Se depender de relatório apresentado na Câmara dos Deputados, em Brasília, para criar o Estatuto de Controle de Armas de Fogo, taxistas e caminhoneiros passarão a poder trabalhar armados pelas ruas e estradas do país. O Estatuto do Desarmamento, em vigor, faculta essa permissão apenas a policiais e outros profissionais da área da segurança e Justiça. Caso o texto preparado pelo relator, o deputado federal mineiro Laudívio Carvalho (PMDB), seja aprovado sem modificações na comissão especial criada para avaliar o tema, o projeto de lei vai a votação no plenário. Na sessão de quinta-feira, um pedido de vista coletivo adiou a votação do relatório para semana que vem.
Porém, aumentar a permissividade para o porte de armas é tema que alarma especialistas em segurança, especialmente quando se trata de colocar armamento nas mãos de profissionais que vivem em um contexto de conflito, como o trânsito. Para o pesquisador do Centro de Estudos de Criminalidade e Segurança Pública (Crisp) da UFMG Frederico Couto Marinho, a realidade brasileira é violenta e, grande parcela dessa realidade é provocada por armas de fogo. “Temos aqui o maior número absoluto de homicídios do planeta e parte por motivos banais, como brigas de vizinho e de trânsito e violência doméstica”, destaca o pesquisador. “Não se pode inserir um fator que leva ao crime e que pode aumentar a taxa de homicídio em uma sociedade como a brasileira”, afirma Marinho, para quem a intenção do deputado é a de aumentar a sensação de segurança, mas ignora o grau de violência da sociedade.
O presidente do Sindicato dos Taxistas de Belo Horizonte e Região Metropolitana, Ricardo Faeda, acredita que andar armado pode ser positivo para a categoria, embora pondere que o assunto mereça análise de estudiosos. “Quando um criminoso entra em um táxi para assaltar, se o taxista estiver armado, terá uma oportunidade de defesa e de resguardar sua vida”, argumenta. O sindicalista destaca, porém, que não tem conhecimentos técnicos sobre o assunto e espera que os responsáveis pela legislação sejam respaldados por especialistas em segurança pública.
Relator da proposta, o deputado Laudívio Carvalho argumenta que seu relatório apenas explicita algo que já estava previsto no Estatuto do Desarmamento.
“Eu só trouxe para o conhecimento das pessoas o que já prevê o atual estatuto. Ele prevê que o proprietário pode manter arma em sua residência ou local de trabalho”, afirma.
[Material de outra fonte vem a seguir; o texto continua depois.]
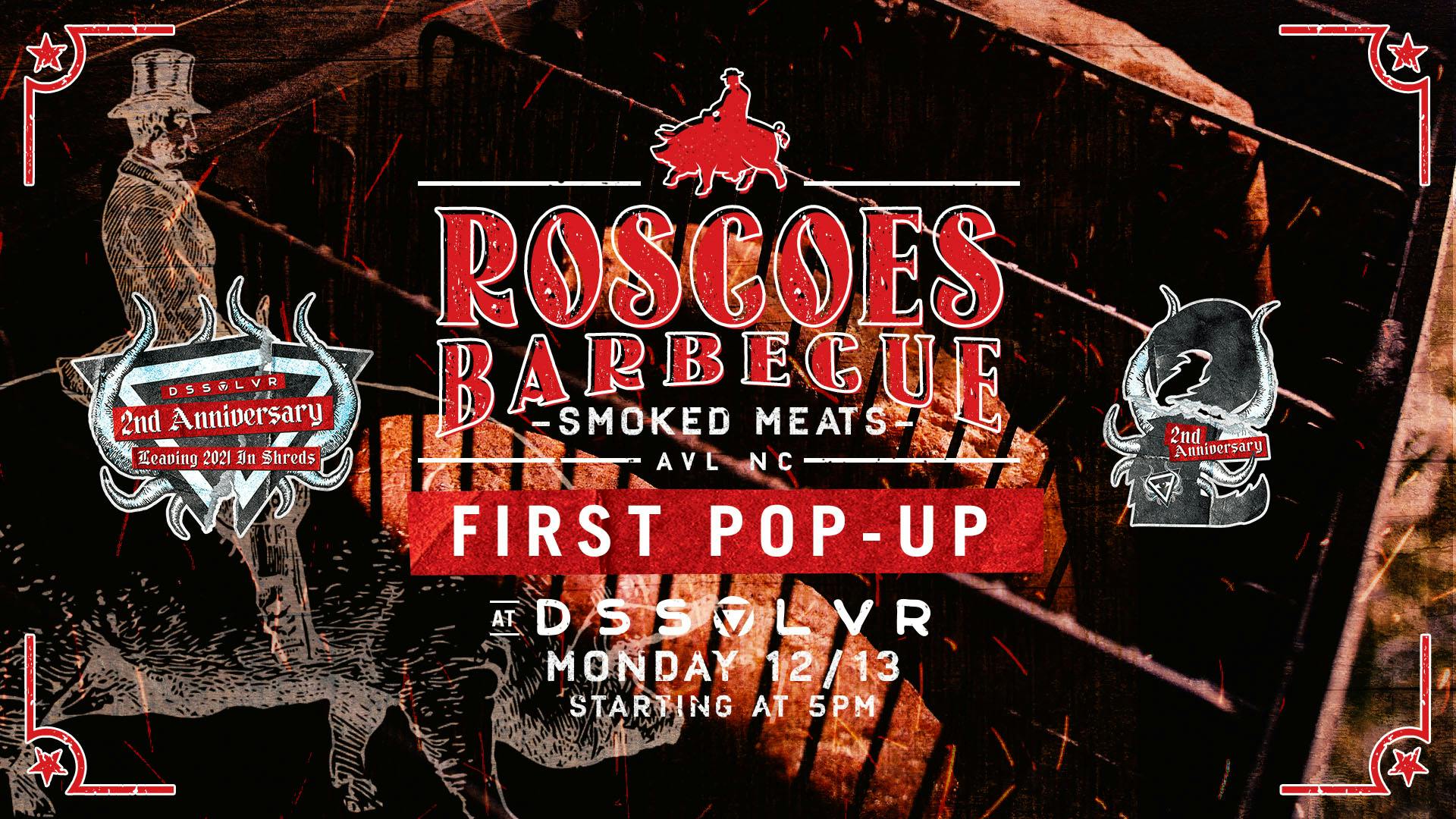 roscoes-FB-event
A proposta pode contornar decisão do Superior Tribunal de Justiça (STJ) que não permite carregar armas nos táxis, caminhões e embarcações, mesmo que estes sejam entendidos como locais de trabalho.
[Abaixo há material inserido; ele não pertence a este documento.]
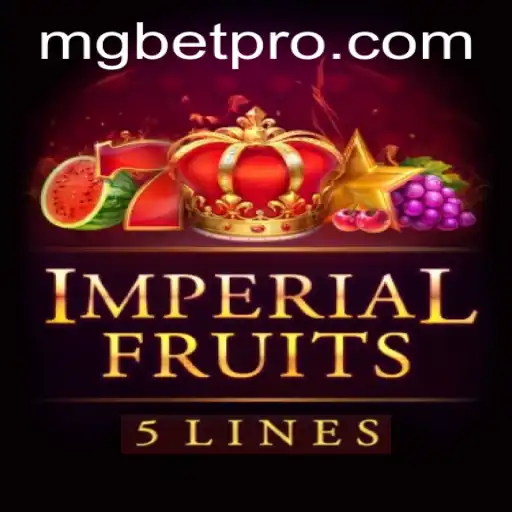 Unveiling the Excitement of ImperialFruits5 on MGBET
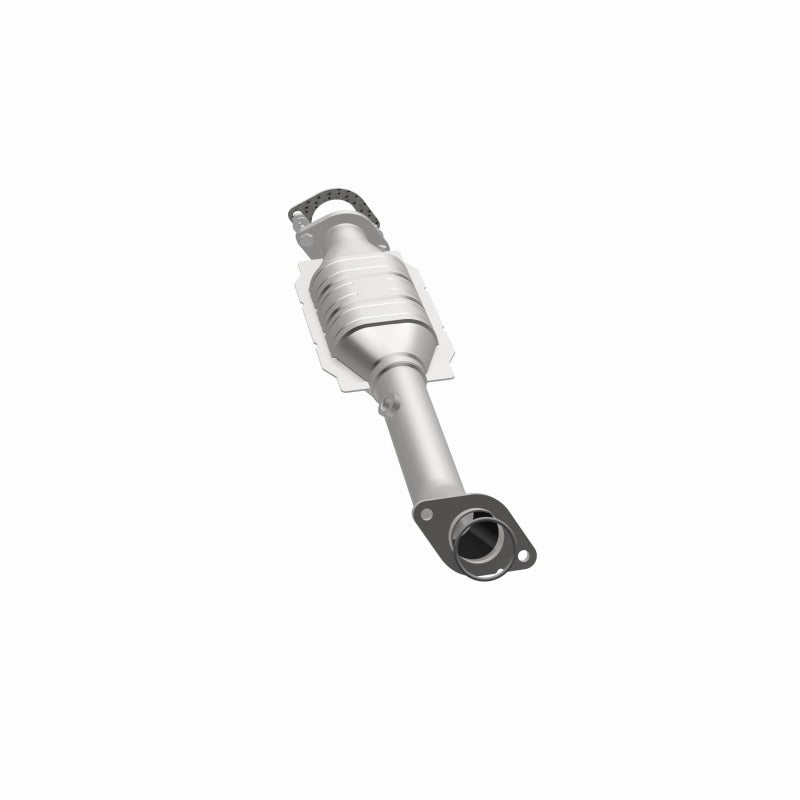 MagnaFlow Direct Fit Catalytic Converter 07 Titan 5.6L D/S rr OEM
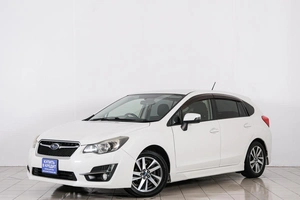 Хетчбэк Subaru Impreza 2014 года, 1249000 рублей, Красноярск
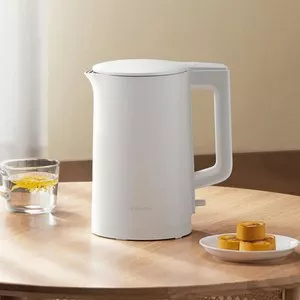 Электрочайник Xiaomi Electric Kettle 2 Lite EU 1 Год Гарантия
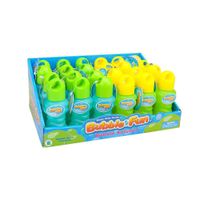 Botella Solución De Burbujas 4 Oz - Koala Kids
O coordenador do Instituto Sou da Paz, Bruno Langeani, avalia que a propostas teria um impacto ruim para a segurança pública. “As pessoas precisam pensar como será conviver com taxistas e caminhoneiros andando armados. Como será da noite para o dia conviver com pessoas com arma na cintura”, considera Langeani. O coordenador da ONG aponta que 70% dos homicídios do Brasil são cometidos por arma de fogo e que as alterações propostas pelo deputado favorecem a entrada de mais delas em circulação.
Origem
O deputado Laudívio Carvalho foi eleito pela primeira vez no ano passado, e faz parte de um grupo de parlamentares conhecido como Bancada da Bala, pelo apoio a leis controversas, como a ampliação das possibilidades de armamento da população e redução da maioridade penal. Antes de ser político, o radialista apresentava um programa policial em uma rádio de Belo Horizonte. Para o parlamentar, o cidadão que não acredita no sistema de segurança pública tem direito de comprar uma arma.
O estatuto e o projeto
O Estatuto de Desarmamento, de 2003, permite que qualquer cidadão tenha a posse de arma, desde que seja submetido a testes psicotécnicos e não tenha antecedente criminal. A posse, entretanto, permite apenas que a arma fique em casa ou no local de trabalho. Já o porte de arma, que permite ao cidadão circular com o armamento, é restrito apenas aos profissionais da segurança pública e Justiça. Além de taxistas e caminhoneiros, o relatório apresentado na Câmara prevê que deputados, senadores, funcionários do Ibama, agentes de trânsito, aposentados das polícias e das Forças Armadas e mais servidores do Poder Judiciário tenham direito ao porte. Outra mudança é que o estatuto em vigor exige renovação do registro da arma de três em três anos, enquanto a proposta pretende tornar o registro definitivo. Pela lei atual, para obter o registro, é preciso ter mais de 25 anos de idade e não possuir antecedentes criminais. O texto de Carvalho reduz a idade para 21 anos.